Senate Ag Committee Members Criticize FAPRI Report

November 12, 1999

Nine GOP and Democratic members of the Senate Agriculture Committee have written a "Dear Colleague" letter of their own criticizing some of the conclusions in a FAPRI analysis of crop insurance reforms. The letter comes one day after committee Chairman Richard Lugar (R-IN) wrote senators defending his stand on reform. The back-to-back developments illustrate the rift on the committee over the direction of crop insurance reform.

The most recent letter opens with a reference to lack of support for Lugar's bill. The bill supported by the nine members has the backing of a bipartisan majority of committee members and 25 members of the full Senate, they say.
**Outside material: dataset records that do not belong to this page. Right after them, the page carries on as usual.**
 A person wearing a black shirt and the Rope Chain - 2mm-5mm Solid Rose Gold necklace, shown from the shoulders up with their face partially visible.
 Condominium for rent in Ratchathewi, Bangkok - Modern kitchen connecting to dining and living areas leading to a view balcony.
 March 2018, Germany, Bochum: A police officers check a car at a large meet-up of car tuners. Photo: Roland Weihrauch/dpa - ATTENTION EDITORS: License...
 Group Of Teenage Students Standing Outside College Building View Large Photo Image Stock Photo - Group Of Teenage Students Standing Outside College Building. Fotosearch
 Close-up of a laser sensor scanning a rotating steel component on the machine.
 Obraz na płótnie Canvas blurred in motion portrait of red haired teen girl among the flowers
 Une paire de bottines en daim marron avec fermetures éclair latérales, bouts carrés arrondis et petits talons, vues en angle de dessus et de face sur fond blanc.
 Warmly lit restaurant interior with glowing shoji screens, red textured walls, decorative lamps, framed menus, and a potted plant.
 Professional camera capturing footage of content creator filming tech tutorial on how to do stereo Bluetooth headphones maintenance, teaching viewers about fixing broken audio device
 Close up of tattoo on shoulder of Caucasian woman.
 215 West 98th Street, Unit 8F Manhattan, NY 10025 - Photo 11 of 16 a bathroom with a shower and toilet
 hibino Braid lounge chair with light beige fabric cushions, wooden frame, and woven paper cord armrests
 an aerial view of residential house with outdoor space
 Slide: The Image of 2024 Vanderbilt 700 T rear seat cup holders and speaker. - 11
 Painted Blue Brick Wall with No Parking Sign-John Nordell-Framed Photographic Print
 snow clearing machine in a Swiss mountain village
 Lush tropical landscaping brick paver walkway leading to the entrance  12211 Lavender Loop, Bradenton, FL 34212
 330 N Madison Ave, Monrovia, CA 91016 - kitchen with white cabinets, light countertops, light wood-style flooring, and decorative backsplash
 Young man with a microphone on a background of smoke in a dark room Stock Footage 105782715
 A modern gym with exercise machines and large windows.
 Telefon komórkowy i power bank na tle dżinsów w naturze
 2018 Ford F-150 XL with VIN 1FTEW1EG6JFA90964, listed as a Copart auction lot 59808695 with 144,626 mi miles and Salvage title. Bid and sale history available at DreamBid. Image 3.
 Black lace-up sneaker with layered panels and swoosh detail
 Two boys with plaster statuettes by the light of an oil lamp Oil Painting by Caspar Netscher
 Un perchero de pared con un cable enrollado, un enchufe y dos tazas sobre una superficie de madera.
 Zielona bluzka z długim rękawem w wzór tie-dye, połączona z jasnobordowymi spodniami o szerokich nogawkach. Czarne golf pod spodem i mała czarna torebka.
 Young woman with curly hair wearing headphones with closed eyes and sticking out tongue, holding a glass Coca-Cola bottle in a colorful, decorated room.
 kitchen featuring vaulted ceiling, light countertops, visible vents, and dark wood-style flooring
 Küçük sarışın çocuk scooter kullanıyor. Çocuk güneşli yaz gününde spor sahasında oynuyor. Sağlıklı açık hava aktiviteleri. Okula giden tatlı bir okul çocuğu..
Lugar's bill is supported by six members of the committee.

An analysis of crop insurance reform was released by the Food and Agricultural Policy Research Institute (FAPRI) designed to analyze the benefits to farmers under both bills. The bill supported by the nine members who wrote other senators was crafted by Sens. Pat Roberts (R-KS) and Bob Kerrey (D-NE). Also signing the letter were Sens. Larry Craig (R-ID), Kent Conrad (D-ND), Minority Leader Tom Daschle (D-SD), Max Baucus (D-MT), Tim Johnson (D-SD), Rick Santorum (R-PA), and Charles Grassley (R-IA).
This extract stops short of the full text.